We should, Emre argues, think of such readers not as non-literary but as paraliterary—thriving outside the institutions we take as central to the literary world. She traces this phenomenon to the postwar period, when literature played a key role in the rise of American power. At the same time as American universities were producing good readers by the hundreds, many more thousands of bad readers were learning elsewhere to be disciplined public communicators, whether in diplomatic and ambassadorial missions, private and public cultural exchange programs, multinational corporations, or global activist groups. As we grapple with literature’s diminished role in the public sphere, Paraliterary suggests a new way to think about literature, its audience, and its potential, one that looks at the civic institutions that have long engaged readers ignored by the academy.
 


Paraliterary: The Making of Bad Readers in Postwar America Reviews


  • Kristin

    An engaging discussion of "bad reading" in postwar America as a form of international communication. Captivating argument even if the prose is unnecessarily complicated and jargony.

  • Colton

    I found this to be fascinating and surprisingly so, mostly because I have been looking for a way to think about why it is that people seem to be reading all the time and thinking about none of it.

    Emre's analysis feels similar to Marilynne Robinson's discontent with the way humanities departments kowtowed, in the 20th century, to competing interests, in order to somehow place the university, and other private and public institutions, in a more lucrative or "useful" position.

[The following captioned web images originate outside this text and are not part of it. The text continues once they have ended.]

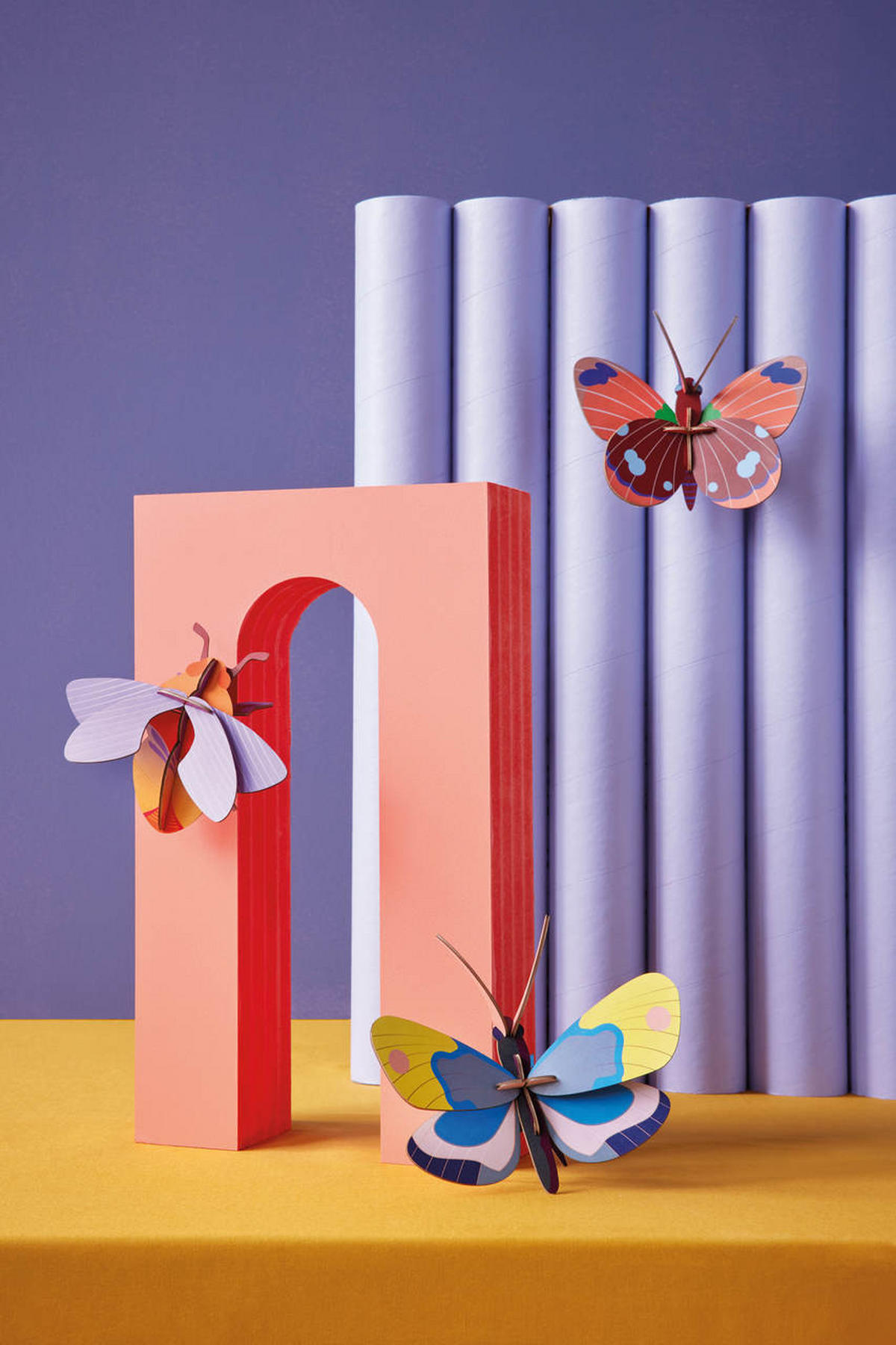 WANDDEKO Delias-Schmetterling 14/6 cm - Blau/Pink, Wellpappe (14/6/13cm) - KUNSTLOFT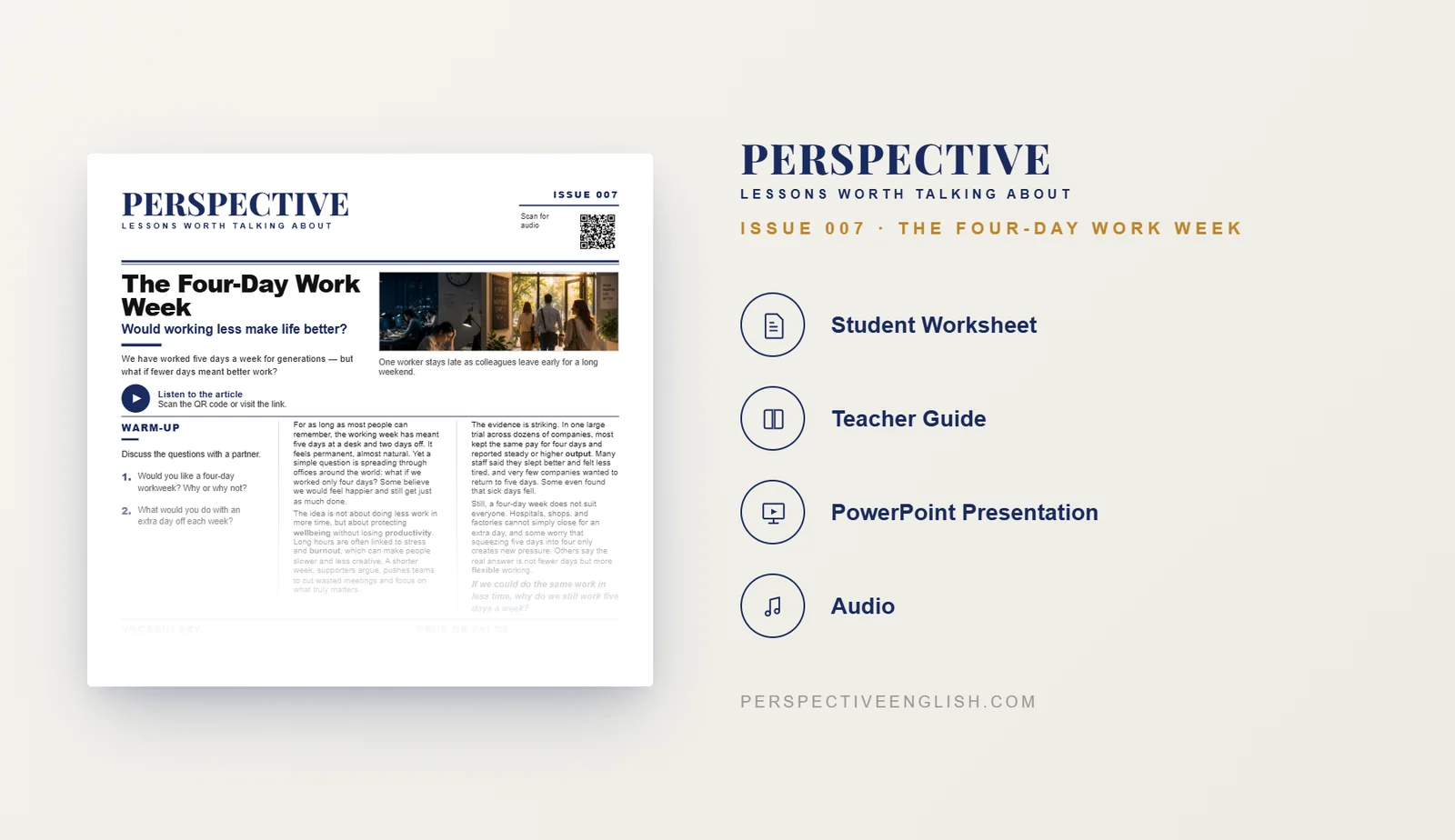 Four-Day Workweek ESL worksheet preview for B1–B2 English learners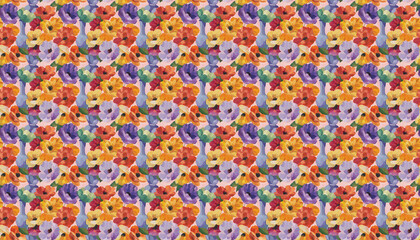 A simple flower pattern with vibrant colors, featuring an oil painting, one purple vase and another blue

    These places have forgotten the fact that the humanities had great strengths as a practice, strengths that have now been largely abandoned.

    I think some criticisms could be made of Emre's monograph, in the way that its canvas was rather too large for its paint, but by the end I was more impressed with the wealth of examples on what it means to be paraliterary. Think of each chapter as weight applied to a total, not so much as a mosaic to be filled in.

    This is a very niche book, but if anyone is looking for a starting place in academic thinking about the many problems with the reading and study of literature in the 21st century, or even in the way people read literature at home or with their friends, or at the public library, this is a great place to start.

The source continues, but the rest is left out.